Hi
Have you ever used tools like Testdisk, Photorec, scalpel or commercial recovery tools against a large VMFS-datastore ?
If yes - you probably noticed that this tools are slow.
When I started using this tools about 10 years ago we were dealing with VMFS 3 and VMFS 5 and a typical datastore had a size of several hundred GBs up to 2 TB.
Even back in the days scanning a datastore could take half a day and more.
Scanning a datastore that was in production was something that you would only do in very important cases.
Nowadays the size of a virtual disk often is in TB-range and doing raw-scans with tools like scalpel is so time-consuming that you will only consider it in an emergency case.
If you have a 60 TB datastore and search for a lost vmdk the scan can easily take a week - and so you think twice before you would even attempt such a scan.
Anyway - I often must run scans of very large datastores when doing VMFS recovery work so I had to look for new procedures.
As I cant do much about the reading speed - that would require indepth knowledge of ESXi or Linux internals - stuff that I dont know enough about to hope for significant performance boosts.
So the approach I used was to radically simplify and reduce the items that my scans must detect.
When a tool like Testdisk reads every kb of the datastore and checks that location against a database of hundreds of different signatures it is obvious that it will be very slow ... and will need days to scan a 60 TB datastore.
To spare you the boring details let me cut it short and give you the summary:
Task: find the first MB of a regular flat.vmdk on a 8 TB datastore that may still be in production use.
Known tools would do that in a day on fast hardware and in non-ideal conditions that time could go up to half a week easily.
Last week I made a test of my new approach using a nested ESXi 6.7 VM with a 8TB datastore.

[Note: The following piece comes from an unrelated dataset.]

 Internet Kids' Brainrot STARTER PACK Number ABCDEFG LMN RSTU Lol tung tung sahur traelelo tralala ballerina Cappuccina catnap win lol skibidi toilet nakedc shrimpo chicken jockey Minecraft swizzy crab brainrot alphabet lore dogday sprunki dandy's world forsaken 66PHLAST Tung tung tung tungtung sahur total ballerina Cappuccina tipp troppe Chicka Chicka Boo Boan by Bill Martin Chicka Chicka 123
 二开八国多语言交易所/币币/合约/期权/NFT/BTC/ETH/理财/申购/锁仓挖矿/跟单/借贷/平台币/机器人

Result: 9 objects from 12 known existing ones located in a 2 step procedure that required about 10 minutes to scan the first 3-4 gb.

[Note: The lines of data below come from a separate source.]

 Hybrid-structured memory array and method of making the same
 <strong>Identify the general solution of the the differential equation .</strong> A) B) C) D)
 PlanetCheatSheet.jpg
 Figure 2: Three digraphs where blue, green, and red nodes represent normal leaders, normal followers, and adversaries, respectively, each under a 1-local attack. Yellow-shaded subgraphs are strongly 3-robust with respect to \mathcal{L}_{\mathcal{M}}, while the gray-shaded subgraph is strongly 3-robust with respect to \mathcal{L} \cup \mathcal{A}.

Once I have those results a second scan reads the 8TB in just 2 minutes !!!
That is very very fast !
Right now the procedure finds flat.vmdks that are partitioned with MBR or GPT - the second is more reliable as GPT boot sectors are standardized.

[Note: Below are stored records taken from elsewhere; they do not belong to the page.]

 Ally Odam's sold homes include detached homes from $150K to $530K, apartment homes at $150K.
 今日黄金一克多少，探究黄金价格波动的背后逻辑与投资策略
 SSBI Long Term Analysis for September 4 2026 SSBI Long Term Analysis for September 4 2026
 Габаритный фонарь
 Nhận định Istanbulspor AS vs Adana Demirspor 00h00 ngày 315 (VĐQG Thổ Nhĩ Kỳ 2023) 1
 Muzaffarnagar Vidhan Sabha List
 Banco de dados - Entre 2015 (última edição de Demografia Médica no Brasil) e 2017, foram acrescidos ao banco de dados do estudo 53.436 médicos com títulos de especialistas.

At the moment this procedure looks very promising and I will explain details soon.
Now I have a couple of questions for you guys ....
1. I will need to do real-live tests using production ESXis soon and are looking for test-objects. If you have very large VMFS 6 datastores and are interested please contact me.
2. Now I only search for flat.vmdks - and I would like to have some input on other large objects that are stored inside production VMFS 6 datastores.
Such other large objects could be used by VSAN , VVols or any other new feature or product of VMware that I have not seen yet.
Large objects mean that the object is typically at least 1 GB in size ...
If you have any suggestions please let me know.
3. Detecting flat.vmdks ...
If you want to know if I would detect your large flat.vmdk here is how you can check:
dd if=flat.vmdk of=/tmp/test.bin bs=1M count=1
hexdump -C /tmp/test.bin | grep " 00 00 55 aa"
hexdump -C /tmp/test.bin | grep " 45 46 49 20 50 41 52 54"
If first grep command matches - I list the location as a promising MBR-formatted candidate.
If both grep commands match - I list the location as a promising GPT-formatted candidate.
If you use valuable flat.vmdks that do not get detected and dont use very exotic stuff please let me know.
Thats all for now - looking for interesting feature requests and large objects that are widely used in production environments.
Ulli
Did you ever make any progress on this? I'm having the same situation right now. I lost a flat.vmdk file while migrating a drive from one VM to another. I still have the .vmdk descriptor file and I'm trying to scan the VFMS6 Datastore... Such a long time! If you had any advice I'd really appreciate it. Thanks in advance.
I'm using a Dell R540 Server with 12x10TB drives. ESXi 6.7 as the host. I have a 40TB NAS attached for the recovery if I can get the files back. I'm looking for a 10TB drive that has all photos on it.